A fresh start in Optical Music Recognition

It’s been long – too long to be honest – since I’ve posted an updated about the SightPlayer project and I deeply apologize for it.

But there is light at the end of the tunnel: I’ve started my research at the TU Wien a few months ago, trying to figure out how to make SightPlayer real. But wait a second. Wasn’t the app almost done? Didn’t say the homepage: “Coming soon”? Yes it was and yes it did. But our team fell into the same pitfall, like many researchers and students in the past: We underestimated the difficulties of Optical Music Recognition. So I took a step back and revisited the algorithms and tools that we used to build SightPlayer and decided to take a completely new approach.

But what was wrong with it? It looked quite nice. What exactly are you trying to solve?

To sum it up: The goal is to take an image of music scores, let the computer or smartphone detect it and then play it back to you. Research in this direction has been conducted since 1966! When we launched SightPlayer, it was the first project that attempted to achieve this entirely on the Smartphone. There are two commercial applications that attempt the same thing and work similarly bad in the wild. In retrospective, its good we did not release it, or we would have gotten the same bad feedback, but would have spoiled the name.

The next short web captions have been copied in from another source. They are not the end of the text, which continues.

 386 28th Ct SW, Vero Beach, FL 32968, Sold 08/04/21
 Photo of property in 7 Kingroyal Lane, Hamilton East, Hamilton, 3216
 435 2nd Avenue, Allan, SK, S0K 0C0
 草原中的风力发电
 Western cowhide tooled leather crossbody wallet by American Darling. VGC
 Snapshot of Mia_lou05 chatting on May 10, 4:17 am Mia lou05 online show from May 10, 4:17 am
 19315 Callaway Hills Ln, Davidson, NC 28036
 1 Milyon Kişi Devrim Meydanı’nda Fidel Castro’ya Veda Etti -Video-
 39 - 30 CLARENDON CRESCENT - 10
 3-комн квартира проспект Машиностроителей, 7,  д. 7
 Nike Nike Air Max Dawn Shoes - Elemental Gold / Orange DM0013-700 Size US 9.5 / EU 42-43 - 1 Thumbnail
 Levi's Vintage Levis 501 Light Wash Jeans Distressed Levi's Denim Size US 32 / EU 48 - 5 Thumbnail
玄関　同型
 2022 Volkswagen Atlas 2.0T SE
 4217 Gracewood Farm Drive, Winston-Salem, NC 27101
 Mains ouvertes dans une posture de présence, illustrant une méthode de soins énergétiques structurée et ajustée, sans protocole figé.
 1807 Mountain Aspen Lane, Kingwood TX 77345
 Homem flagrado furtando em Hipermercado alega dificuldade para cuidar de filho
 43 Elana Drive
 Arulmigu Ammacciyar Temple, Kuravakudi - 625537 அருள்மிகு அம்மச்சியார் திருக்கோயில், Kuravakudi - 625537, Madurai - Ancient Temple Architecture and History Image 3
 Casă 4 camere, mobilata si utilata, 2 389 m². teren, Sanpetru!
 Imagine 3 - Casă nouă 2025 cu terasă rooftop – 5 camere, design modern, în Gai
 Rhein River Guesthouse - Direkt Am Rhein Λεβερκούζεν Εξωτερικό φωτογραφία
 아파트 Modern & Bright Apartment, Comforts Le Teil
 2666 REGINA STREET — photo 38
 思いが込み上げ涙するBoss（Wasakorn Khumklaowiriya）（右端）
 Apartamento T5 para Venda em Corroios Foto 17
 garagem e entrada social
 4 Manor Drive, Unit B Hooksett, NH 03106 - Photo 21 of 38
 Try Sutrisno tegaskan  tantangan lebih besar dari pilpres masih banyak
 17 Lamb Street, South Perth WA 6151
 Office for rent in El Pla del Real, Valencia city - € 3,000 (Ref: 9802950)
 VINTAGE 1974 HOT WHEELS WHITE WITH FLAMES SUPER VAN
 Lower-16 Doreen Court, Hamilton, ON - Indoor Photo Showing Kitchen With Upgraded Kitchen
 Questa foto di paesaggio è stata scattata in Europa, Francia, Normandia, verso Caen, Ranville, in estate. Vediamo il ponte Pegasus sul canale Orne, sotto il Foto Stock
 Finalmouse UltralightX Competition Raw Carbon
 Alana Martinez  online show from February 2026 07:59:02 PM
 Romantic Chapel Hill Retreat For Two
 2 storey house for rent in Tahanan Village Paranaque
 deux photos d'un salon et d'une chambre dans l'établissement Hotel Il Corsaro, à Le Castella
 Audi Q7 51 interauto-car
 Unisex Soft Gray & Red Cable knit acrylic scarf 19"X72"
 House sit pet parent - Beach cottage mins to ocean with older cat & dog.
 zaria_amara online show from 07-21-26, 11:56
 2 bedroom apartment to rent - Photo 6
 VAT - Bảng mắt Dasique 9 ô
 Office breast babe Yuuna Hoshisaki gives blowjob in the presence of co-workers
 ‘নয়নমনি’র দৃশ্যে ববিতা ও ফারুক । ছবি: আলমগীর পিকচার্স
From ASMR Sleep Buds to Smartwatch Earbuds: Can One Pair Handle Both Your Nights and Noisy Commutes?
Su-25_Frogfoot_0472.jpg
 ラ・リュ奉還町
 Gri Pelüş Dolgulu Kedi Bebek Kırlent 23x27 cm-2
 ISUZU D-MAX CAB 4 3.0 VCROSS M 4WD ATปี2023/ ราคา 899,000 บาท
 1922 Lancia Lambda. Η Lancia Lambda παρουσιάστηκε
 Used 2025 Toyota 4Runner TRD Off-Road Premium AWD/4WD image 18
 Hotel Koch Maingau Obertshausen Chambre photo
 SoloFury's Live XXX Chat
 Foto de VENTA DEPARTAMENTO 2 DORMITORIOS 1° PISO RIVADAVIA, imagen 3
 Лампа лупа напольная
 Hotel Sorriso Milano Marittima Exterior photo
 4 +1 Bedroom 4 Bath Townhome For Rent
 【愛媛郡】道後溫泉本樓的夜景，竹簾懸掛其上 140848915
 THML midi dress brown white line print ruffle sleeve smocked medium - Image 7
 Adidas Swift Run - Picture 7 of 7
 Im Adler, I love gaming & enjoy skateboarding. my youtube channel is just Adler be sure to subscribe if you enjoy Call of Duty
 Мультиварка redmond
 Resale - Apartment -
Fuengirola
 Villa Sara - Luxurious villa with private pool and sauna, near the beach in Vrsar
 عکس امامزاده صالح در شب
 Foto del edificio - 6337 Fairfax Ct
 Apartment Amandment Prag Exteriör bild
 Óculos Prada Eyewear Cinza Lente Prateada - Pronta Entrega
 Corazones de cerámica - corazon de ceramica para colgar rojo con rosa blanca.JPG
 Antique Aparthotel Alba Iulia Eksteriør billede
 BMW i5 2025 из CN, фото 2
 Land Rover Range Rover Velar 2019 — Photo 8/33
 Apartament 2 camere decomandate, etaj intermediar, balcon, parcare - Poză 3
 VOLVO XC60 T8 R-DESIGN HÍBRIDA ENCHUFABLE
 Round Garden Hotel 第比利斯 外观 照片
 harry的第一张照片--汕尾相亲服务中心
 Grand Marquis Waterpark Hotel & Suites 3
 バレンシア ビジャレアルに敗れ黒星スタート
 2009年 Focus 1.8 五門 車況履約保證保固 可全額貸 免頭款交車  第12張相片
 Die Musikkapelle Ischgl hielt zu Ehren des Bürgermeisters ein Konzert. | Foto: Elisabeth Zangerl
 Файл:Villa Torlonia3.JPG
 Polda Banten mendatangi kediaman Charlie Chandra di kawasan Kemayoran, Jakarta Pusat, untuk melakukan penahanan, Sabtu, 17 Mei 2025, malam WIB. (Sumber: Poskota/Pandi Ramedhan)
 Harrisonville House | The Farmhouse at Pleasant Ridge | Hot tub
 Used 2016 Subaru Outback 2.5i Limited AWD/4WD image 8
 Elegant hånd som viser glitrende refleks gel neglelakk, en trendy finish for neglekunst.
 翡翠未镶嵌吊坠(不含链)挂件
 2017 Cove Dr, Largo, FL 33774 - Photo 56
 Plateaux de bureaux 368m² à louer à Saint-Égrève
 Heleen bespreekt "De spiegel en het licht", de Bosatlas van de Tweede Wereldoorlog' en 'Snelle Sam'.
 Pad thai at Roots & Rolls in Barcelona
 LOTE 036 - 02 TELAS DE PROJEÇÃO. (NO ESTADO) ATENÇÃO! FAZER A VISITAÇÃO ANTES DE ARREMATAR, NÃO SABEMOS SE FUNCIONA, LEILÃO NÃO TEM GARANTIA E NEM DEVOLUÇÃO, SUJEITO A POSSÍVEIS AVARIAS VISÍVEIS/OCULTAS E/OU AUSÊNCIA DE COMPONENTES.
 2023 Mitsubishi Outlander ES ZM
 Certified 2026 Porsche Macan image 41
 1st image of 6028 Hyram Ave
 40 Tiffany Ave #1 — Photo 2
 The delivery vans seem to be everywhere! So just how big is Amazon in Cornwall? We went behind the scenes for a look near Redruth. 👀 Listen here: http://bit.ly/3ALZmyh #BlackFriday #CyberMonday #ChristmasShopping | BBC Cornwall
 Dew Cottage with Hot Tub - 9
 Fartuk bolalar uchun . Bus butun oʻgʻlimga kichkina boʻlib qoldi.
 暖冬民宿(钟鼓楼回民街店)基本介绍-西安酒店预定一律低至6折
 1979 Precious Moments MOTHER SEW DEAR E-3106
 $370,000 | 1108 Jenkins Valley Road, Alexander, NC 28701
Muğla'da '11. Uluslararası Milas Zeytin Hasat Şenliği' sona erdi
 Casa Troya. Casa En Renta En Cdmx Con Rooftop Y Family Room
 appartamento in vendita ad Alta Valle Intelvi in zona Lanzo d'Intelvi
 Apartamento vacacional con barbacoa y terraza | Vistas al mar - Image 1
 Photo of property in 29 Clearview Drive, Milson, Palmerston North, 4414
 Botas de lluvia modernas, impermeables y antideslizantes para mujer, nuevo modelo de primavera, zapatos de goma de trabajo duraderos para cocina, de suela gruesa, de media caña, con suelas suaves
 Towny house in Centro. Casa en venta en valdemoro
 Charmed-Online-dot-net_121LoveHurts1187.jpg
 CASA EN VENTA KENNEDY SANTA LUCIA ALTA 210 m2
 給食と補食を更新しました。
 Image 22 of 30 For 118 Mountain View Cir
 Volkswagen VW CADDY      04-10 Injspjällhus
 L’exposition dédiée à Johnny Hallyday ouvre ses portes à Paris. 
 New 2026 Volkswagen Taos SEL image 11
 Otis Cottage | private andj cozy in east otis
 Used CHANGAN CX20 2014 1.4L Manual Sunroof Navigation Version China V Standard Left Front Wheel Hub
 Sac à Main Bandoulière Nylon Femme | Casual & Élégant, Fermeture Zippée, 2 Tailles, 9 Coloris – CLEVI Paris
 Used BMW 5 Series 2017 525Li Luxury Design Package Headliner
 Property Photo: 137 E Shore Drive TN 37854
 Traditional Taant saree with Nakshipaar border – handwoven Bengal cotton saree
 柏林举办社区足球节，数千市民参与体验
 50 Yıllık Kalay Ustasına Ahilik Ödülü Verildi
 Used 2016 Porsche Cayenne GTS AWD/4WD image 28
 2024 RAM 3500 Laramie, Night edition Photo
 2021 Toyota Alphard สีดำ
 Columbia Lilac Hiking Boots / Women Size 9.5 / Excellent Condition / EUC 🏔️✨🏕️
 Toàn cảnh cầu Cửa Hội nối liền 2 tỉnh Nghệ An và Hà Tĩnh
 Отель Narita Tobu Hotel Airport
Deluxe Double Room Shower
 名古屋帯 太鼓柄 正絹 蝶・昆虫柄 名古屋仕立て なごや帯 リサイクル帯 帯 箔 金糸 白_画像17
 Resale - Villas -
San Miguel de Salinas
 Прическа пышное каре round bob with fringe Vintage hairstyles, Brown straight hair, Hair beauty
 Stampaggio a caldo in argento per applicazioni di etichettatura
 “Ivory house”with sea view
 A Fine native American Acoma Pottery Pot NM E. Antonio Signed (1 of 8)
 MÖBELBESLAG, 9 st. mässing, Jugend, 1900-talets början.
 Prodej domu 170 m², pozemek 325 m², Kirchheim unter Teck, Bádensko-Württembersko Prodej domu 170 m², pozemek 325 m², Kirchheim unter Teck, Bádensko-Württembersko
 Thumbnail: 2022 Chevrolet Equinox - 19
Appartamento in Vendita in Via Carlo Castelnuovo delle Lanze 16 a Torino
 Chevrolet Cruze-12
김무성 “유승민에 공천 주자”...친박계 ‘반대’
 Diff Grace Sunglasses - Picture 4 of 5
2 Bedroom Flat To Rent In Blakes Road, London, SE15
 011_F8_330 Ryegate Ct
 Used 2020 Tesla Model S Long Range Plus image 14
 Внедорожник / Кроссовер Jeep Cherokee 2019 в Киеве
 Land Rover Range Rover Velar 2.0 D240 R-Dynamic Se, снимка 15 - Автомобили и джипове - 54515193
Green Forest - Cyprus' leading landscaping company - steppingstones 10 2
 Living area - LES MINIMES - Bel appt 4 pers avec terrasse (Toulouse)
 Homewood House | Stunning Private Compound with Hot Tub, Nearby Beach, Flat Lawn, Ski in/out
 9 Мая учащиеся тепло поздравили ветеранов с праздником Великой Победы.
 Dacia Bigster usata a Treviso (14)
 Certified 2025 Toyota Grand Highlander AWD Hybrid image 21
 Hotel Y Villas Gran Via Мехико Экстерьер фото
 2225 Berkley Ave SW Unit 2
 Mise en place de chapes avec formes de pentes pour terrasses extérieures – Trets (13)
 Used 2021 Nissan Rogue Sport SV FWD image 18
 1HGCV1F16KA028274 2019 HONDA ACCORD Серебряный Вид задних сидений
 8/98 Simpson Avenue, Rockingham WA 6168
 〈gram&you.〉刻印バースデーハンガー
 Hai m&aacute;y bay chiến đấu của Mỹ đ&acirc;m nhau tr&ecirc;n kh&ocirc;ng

When you are familiar with Computer Vision, then the problem statement and the approach seems kind of obvious: Detect the staff-lines, remove them, do some template matching to detect smaller symbols and finally restore the information that is required to play it back. But the bitter truth is: It is not that easy. There are many subtleties that make a huge difference when using the system on a real dataset. Take a look at these notes, and tell me how the templates should look like:

HOMUS_Samples.png

Well, these symbols look fairly normal, although they are handwritten. I guess by adding some templates, I will catch them. But what to do when they are put in context or look a little different?

HOMUS_Samples_With_Staff_Line.png

You will need a lot of templates. So, some researchers try to find the staff-lines and then remove them, which is the first step where I disagree with most researchers: Why discard information, that guides our reading and is required to make sense of the actual notes? I claim, that removing the staff-lines is not required, if the right approach is used.

But what is the right approach, though?

My hopes lie in a new technology, called Deep Learning. Check it out, if you have never hear about it before. Basically it’s a really clever way of doing machine learning, where you can perform supervised learning very easily – you more or less just provide the data and the expected output – and let the machine figure out the rest by itself. In practice, it’s a little bit more challenging, but you get the idea.

So far, I had great success with classifying handwritten music symbols and entire images of music scores. Check this out:

MusicScoreClassifier-Screenshots_3.png

This handsome Android application can distinguish music scores from arbitrary content in real-time! And also the classifier for handwritten music symbols works quite well – actually it performs even better than humans. It only errs with symbols like these:

HOMUS_Misclassifications_machine.png

But to be honest, you need some fantasy to guess the right classes of music symbols here (they are Sixteenth-Rest, 2-4-Time, Sixteenth-Note, Cut-Time, Quarter-Rest and Sixteenth-Note).

The next step is to locate music symbols in an entire sheet of music scores. I hope that it will work out as well as the first few experiments.

From now on, I will keep you updated more regularly on my research progress. I promise!